- **What to work on**
Write out every line below again exactly as it stands, skipping each image.

- **Information shown**
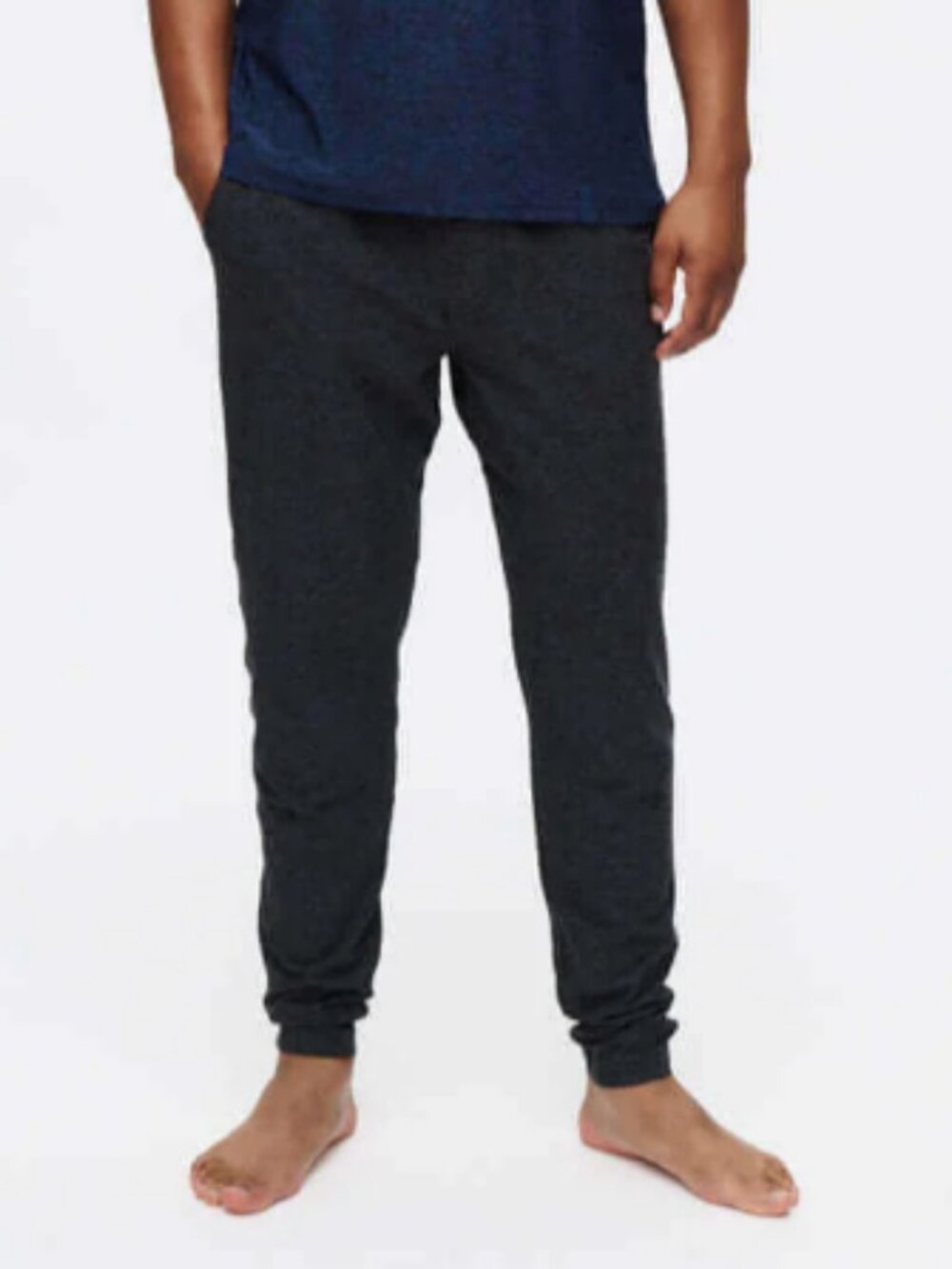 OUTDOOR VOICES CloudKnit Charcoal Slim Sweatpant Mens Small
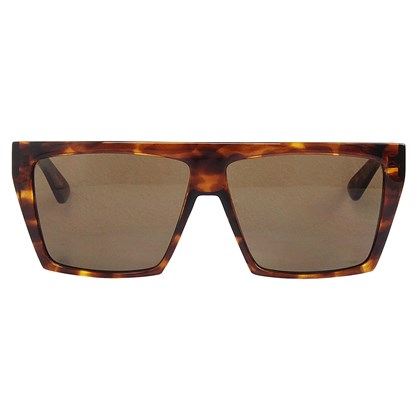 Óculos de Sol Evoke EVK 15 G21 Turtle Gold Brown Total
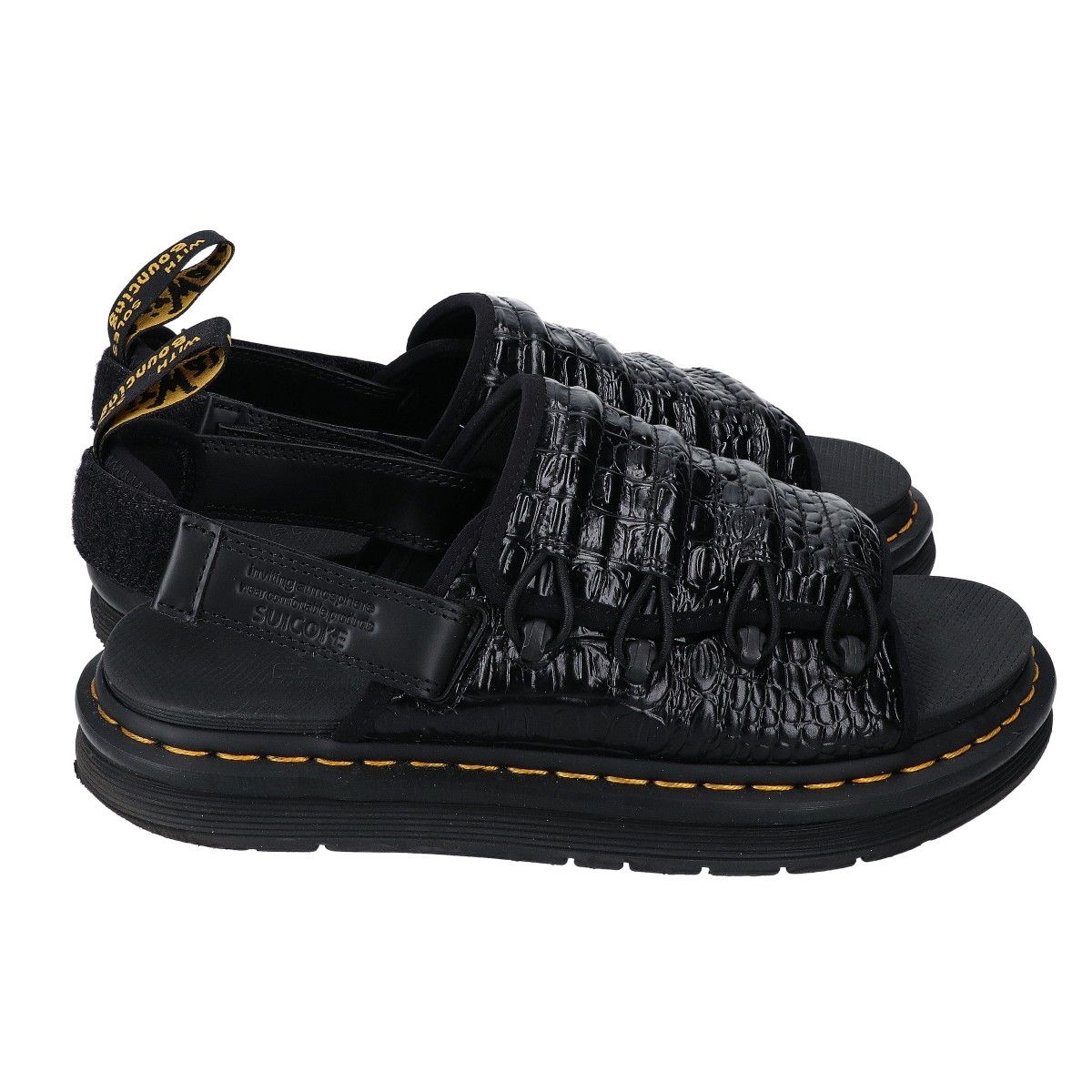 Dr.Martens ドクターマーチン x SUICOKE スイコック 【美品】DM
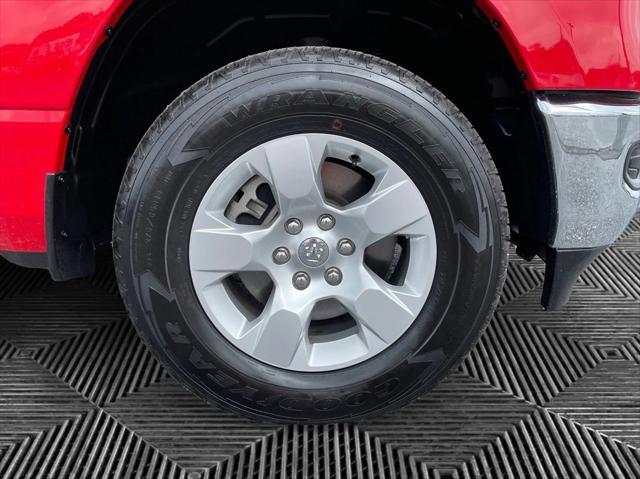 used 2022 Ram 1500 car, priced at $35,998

- **Answer below**
 OUTDOOR VOICES CloudKnit Charcoal Slim Sweatpant Mens Small
 Óculos de Sol Evoke EVK 15 G21 Turtle Gold Brown Total
 Dr.Martens ドクターマーチン x SUICOKE スイコック 【美品】DM
 used 2022 Ram 1500 car, priced at $35,998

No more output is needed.